A Reforma da Previdência, implementada pela Emenda Constitucional (EC) 103/2019, trouxe consigo uma série de mudanças significativas no sistema previdenciário brasileiro.
Entre as alterações, uma das que mais gerou controvérsia e debates acalorados foi a exclusão do menor sob guarda do rol de dependentes elegíveis à pensão por morte.
Essa medida, aparentemente técnica, tem profundas implicações sociais e jurídicas, afetando diretamente a vida de inúmeras crianças e adolescentes em situação de vulnerabilidade.
Este artigo se propõe a analisar de forma profunda e detalhada essa controversa exclusão, explorando seus fundamentos, impactos e as possíveis alternativas para mitigar seus efeitos negativos.
Para tanto, partiremos do contexto da Reforma da Previdência, passando pela análise da legislação pertinente, a jurisprudência dos tribunais superiores e os argumentos favoráveis e contrários à medida.
O Contexto da Reforma da Previdência
A Reforma da Previdência foi apresentada como uma medida necessária para garantir a sustentabilidade do sistema previdenciário brasileiro, que, segundo o governo, enfrentava um déficit crescente e insustentável.
A proposta de reforma, que tramitou no Congresso Nacional sob forte resistência de diversos setores da sociedade, visava, entre outros objetivos, reduzir os gastos com benefícios previdenciários, aumentar a idade mínima para aposentadoria e alterar as regras de cálculo dos benefícios.
Nesse contexto de contenção de gastos, a exclusão do menor sob guarda do direito à pensão por morte foi justificada pelo argumento de que haveria muitas fraudes no processo de guarda, onde, supostamente, avós requeriam a guarda dos netos apenas para lhes conferir o direito à pensão.
Essa alegação, no entanto, não encontra respaldo na realidade dos fatos, como veremos adiante.
A Legislação Pertinente: Uma Análise Detalhada
A EC 103/2019, em seu artigo 23, § 6º, estabelece que, para fins de recebimento da pensão por morte, equiparam-se a filhos exclusivamente o enteado e o menor tutelado, desde que comprovada a dependência econômica, excluindo expressamente o menor sob guarda.
Essa redação representa uma mudança radical em relação à legislação anterior, que, em consonância com o princípio da proteção integral à criança e ao adolescente, assegurava o direito à pensão por morte ao menor sob guarda, desde que comprovada a dependência econômica.
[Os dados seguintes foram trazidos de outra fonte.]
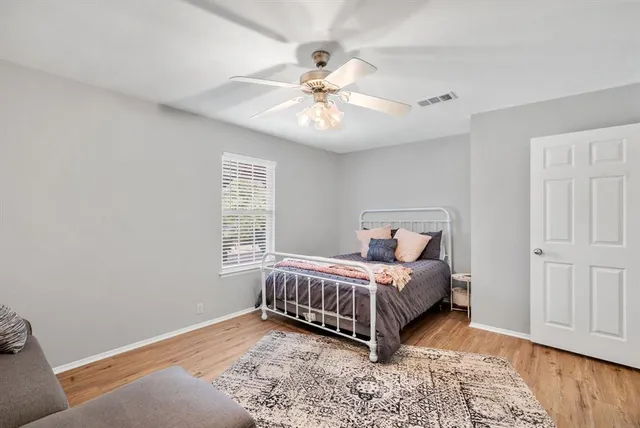 a room with a bed and a window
Para compreendermos a dimensão dessa alteração, é fundamental analisarmos os conceitos de filho, enteado, menor tutelado e menor sob guarda, bem como os requisitos para a concessão da pensão por morte em cada caso.
Filho
De acordo com a legislação previdenciária, o filho que tem direito à pensão por morte é aquele não emancipado, de qualquer condição, menor de 21 anos, ou o filho inválido ou que tenha deficiência intelectual ou mental ou deficiência grave, de qualquer idade.
Enteado
O enteado é aquele que, não sendo filho biológico do falecido, era por ele assim considerado, em razão de ser filho de seu cônjuge ou companheiro(a), e que, em decorrência dessa situação, o falecido contribuía com seu sustento e/ou educação.
Para ter direito à pensão por morte, o enteado deve comprovar a dependência econômica com o falecido.
Menor Tutelado
O menor tutelado é aquele que se encontra fora do poder familiar, cujo o falecido era constituído de poderes e encargos para protegê-lo e zelar por ele.
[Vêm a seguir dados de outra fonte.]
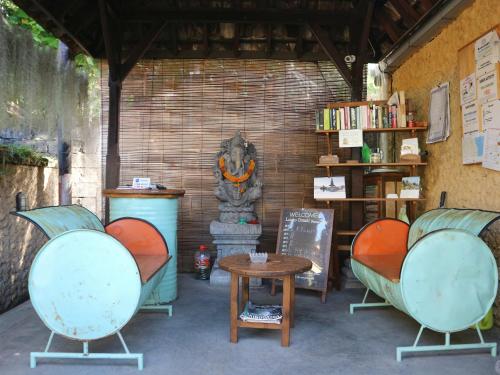a room with two chairs and a table and a statue at Louto Dmell Villa & Guesthouse in Sanur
A tutela é utilizada quando o menor não tem pais conhecidos ou quando estes são falecidos, suspensos ou destituídos do poder familiar.
Assim como o enteado, o menor tutelado só terá direito à pensão por morte se comprovada a dependência econômica com o falecido.
Menor Sob Guarda
O menor sob guarda é aquele que, por decisão judicial, é confiado a uma pessoa que não é seus pais, mas que assume a responsabilidade por sua criação, educação e bem-estar.
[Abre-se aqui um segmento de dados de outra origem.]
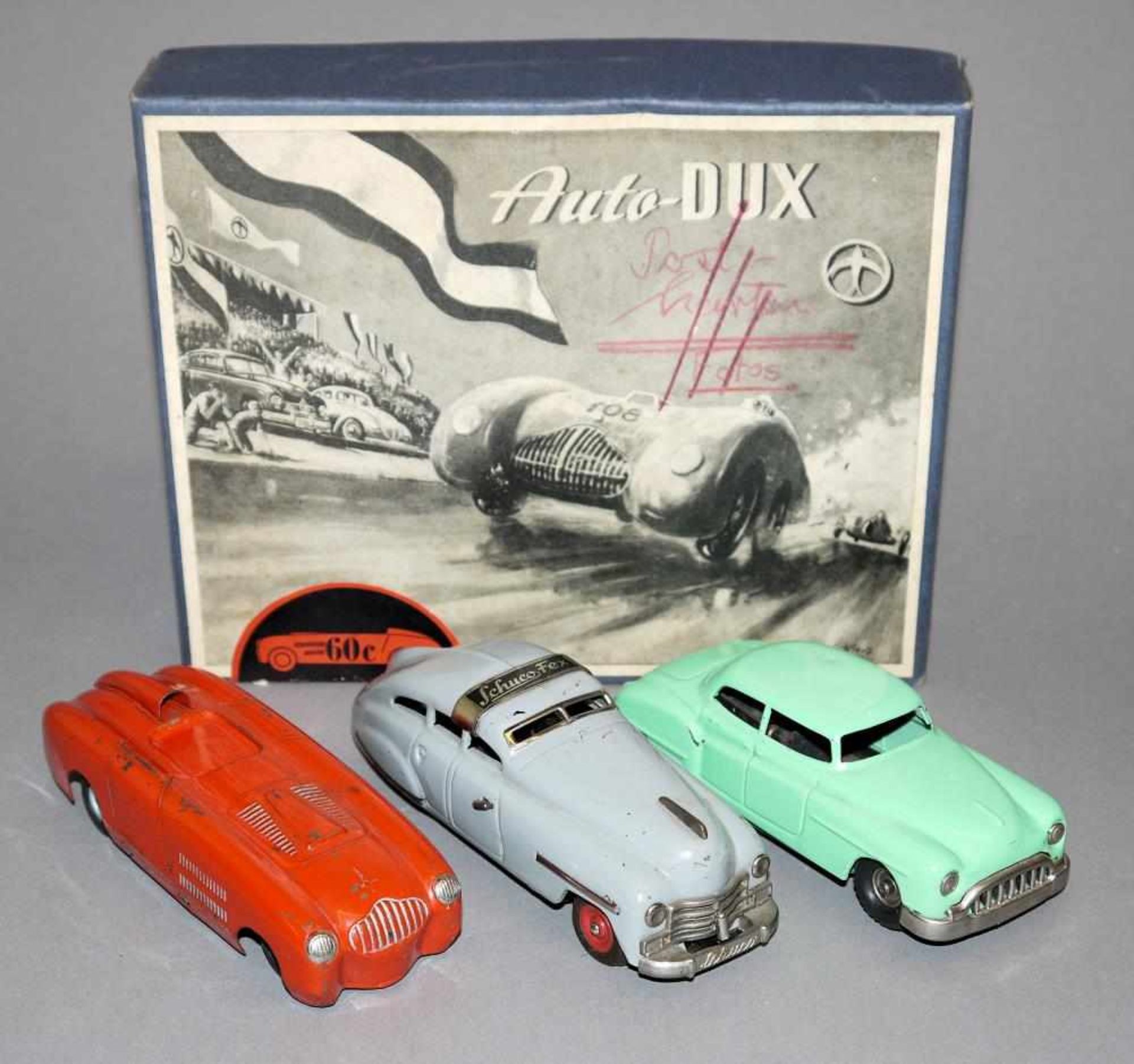 Drei Spielzeugautos, Dux Veritas, Schuco u. Kellermann CKO, 1950er Jahre Auto-Dux roter Rennwagen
A guarda pode ser concedida em diversas situações, como nos casos de falecimento dos pais, abandono, negligência ou impossibilidade de exercer o poder familiar.
Os Argumentos Favoráveis e Contrários à Exclusão
A exclusão do menor sob guarda do direito à pensão por morte gerou intensos debates entre juristas, assistentes sociais, defensores dos direitos da criança e do adolescente e outros atores sociais.
Os argumentos favoráveis à exclusão se baseiam, principalmente, na alegação de que haveria muitas fraudes no processo de guarda, onde, supostamente, avós requeriam a guarda dos netos apenas para lhes conferir o direito à pensão.
No entanto, essa alegação não se sustenta diante da realidade dos fatos. A concessão da guarda judicial exige a comprovação de requisitos específicos e a intervenção do Juízo de Família, sempre com a participação do Ministério Público, o que evidencia que a vaga alegação de fraude não encontra reflexo na realidade de um processo cível que define a guarda de uma criança a pessoa diversa de seus genitores biológicos.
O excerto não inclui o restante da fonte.